What is required —
Recreate the entire listing that appears below, exactly.

Recorded data —
--------

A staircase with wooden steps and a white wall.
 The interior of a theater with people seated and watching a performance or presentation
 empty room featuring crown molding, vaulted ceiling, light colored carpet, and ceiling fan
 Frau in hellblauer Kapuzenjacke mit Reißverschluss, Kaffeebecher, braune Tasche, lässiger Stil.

--------

Result of this task —
A staircase with wooden steps and a white wall.
 The interior of a theater with people seated and watching a performance or presentation
 empty room featuring crown molding, vaulted ceiling, light colored carpet, and ceiling fan
 Frau in hellblauer Kapuzenjacke mit Reißverschluss, Kaffeebecher, braune Tasche, lässiger Stil.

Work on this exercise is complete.